The filament snubber capacitors are 1 uF Z5U 50V axial caps from Mouser (the bag they are in said 80-C430C105M5U). They are mounted flush to the printed wiring board (PWB) and the soldering time was kept short. On the right picture you can see a cotton thread from the Q-Tip I used to clean the flux off after soldering. 1 uF caps on all 4 tube filaments may be a bit better, but I'm starting to get low on my supply of 1 uF ceramics. Next time I order these caps, I'm buying a larger lot. These solder joints look better in real life than what the photos show.

Here is the big picture.

Listening to the amp afterward showed that the tweeter noise was 100% gone and there was still some low midrange/bass buzz/hum noise coming out. The sound was much more pleasant with the snubbers installed. The sound stage had a bit more depth than before. Occasionally there I could hear some brightness that I'd like to track down and fix.

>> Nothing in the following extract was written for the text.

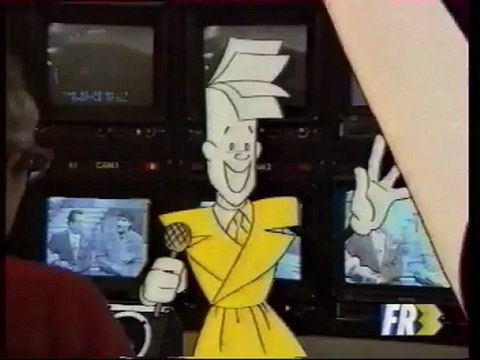 FR3 2 Janvier 1992 2 Pubs,5 B.A.,Speakerine,Billets De Faveur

The HV snubber also seems to have reduced, but not eliminated, the pop you get when the power is turned off.

Update: Originally, only two of the tubes have snubbers across them. When I had my amp open for more B+ capacitor mods, I added 1 uFs across the remaining two tubes.

HV Snubber Version 2
Last update 20-Feb-05

I found a slightly better snubber to use:

First we keep the 0.01 uF across the HV secondary. This cap needs to be a 2 to 3 kV ceramic or a 400 to 600V film. The ceramic needs to be higher voltage to keep it from cooking. The films don't get near as hot.

Next, on the tube side of the 0.01 uF, we add a 0.1 uF (400V or 630V film). From the other side of the 0.01 uF, we add a 620 ohm 1/4 resistor to the free leg of the 0.1 uF.

Last, after ohming for shorts, put a pea sized spot of silicon based glue to hold the capacitors in place. I glued my 0.1 uF to C8, the B+ aluminum.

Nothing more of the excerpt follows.